In this work we present a practical way to calculate a more reasonable link cost in Dijkstra algorithm and consider the problem of QoS and the security features of the network routing procedure using SDN technology [1,2,3]. The SDN framework provides an approach to calculate the shortest path between source and destination based on dynamic link statuses through SDN’s high network monitoring capability. A lot of useful link information, like link type, link ownership, interface bandwidth, transition delay and historical record, can be collected and computed by the SDN controller to enable more safe, reliable and efficient paths. In this way, we can consider the varying delay status of the communication network along with other network security parameters and get a presence of a passive/active adversary in the network routing area.

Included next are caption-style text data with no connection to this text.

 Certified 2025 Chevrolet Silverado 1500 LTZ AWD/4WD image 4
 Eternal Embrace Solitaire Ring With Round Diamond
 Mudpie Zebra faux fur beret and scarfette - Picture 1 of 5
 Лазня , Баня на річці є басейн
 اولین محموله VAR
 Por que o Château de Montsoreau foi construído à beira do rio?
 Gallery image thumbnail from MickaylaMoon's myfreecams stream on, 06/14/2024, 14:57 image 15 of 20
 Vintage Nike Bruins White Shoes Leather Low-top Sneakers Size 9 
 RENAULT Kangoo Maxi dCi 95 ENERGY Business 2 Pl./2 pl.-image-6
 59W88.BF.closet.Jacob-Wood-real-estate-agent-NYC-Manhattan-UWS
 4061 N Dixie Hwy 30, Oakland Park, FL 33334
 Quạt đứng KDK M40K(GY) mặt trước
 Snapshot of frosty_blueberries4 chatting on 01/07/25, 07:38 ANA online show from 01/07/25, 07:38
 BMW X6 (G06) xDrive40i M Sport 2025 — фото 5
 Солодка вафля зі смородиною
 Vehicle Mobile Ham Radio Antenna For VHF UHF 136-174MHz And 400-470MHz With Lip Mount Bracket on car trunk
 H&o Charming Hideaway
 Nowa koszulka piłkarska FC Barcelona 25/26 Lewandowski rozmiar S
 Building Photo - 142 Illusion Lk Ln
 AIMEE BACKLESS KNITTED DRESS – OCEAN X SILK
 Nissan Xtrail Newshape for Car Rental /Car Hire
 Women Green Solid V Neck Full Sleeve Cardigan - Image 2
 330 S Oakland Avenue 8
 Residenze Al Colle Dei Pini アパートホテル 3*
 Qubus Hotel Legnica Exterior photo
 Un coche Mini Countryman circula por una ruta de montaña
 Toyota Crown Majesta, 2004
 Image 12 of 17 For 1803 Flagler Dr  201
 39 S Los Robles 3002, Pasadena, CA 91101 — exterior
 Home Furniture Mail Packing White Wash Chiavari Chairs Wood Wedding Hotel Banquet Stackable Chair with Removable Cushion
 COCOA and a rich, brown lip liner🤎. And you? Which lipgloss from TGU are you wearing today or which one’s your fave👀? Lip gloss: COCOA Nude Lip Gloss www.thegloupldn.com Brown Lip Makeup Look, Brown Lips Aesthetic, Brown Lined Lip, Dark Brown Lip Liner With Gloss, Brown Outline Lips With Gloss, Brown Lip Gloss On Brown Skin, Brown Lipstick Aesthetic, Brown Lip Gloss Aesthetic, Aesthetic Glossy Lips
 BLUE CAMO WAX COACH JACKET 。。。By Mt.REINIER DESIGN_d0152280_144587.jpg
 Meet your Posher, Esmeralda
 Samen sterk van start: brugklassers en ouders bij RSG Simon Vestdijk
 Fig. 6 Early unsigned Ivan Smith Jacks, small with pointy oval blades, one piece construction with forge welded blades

The remainder of this paper is organized as follows: double constrained shortest path problem is discussed and the derivation of QoS constraints and related cost metrics are presented in Sect. 2, the implementation details are provided in Sect. 3, Sect. 4 investigates the performance of the proposed framework. Conclusions and final remarks are discussed in Sect. 5.

2 System Model

Consider a graph representation of the communication network. G(V, E, ω) is a weighted undirected graph model and describes an N nodes and E links network. The node set is \( V = \left\{ {v_{1} , \ldots ,v_{N} } \right\} \), and the edge set is \( E = \left\{ {e_{ij} \left| {i,j = 1,2, \ldots ,N} \right.} \right\} \). The weight \( \omega_{ij} \) on the edge \( e_{ij} \) is defined as the cost of the link. In this article, the interplaying between QOS and security features is concerned in the network routing process. The security metrics of the link between nodes i and j could include these features as:

  1. (1)

    History \( L_{ij} H \): a link that was previously targeted by an attacker in a particular time could be more likely to be attacked again.

  2. (2)

    Security installed measures \( L_{ij} S \): a link with high encryption is typically hard to be listened or hijacked. So \( L_{ij} S \) values are dependent on the pre-installed and pre-configured security measures of nodes of the link.

  3. (3)

    Bandwidth \( L_{ij} B \): A link with high bandwidth is more difficult to be congested by data flow.

  4. (4)

    Ownership \( L_{ij} O \): a self-owned or in the same domain channel is more secure than a shared or leased channel by other domains.

The vulnerability metric \( L_{ij} M \) should reflect the attributes that make a link more security.

$$ L_{ij} M = L_{ij} H * \left( {\alpha L_{ij} S + \beta L_{ij} B + \gamma L_{ij} O} \right) $$
(2)

Where α, β, and γ are the weights of \( L_{ij} S \), \( L_{ij} B \) and \( L_{ij} O \) depending on the impact importance of the considered security parameters.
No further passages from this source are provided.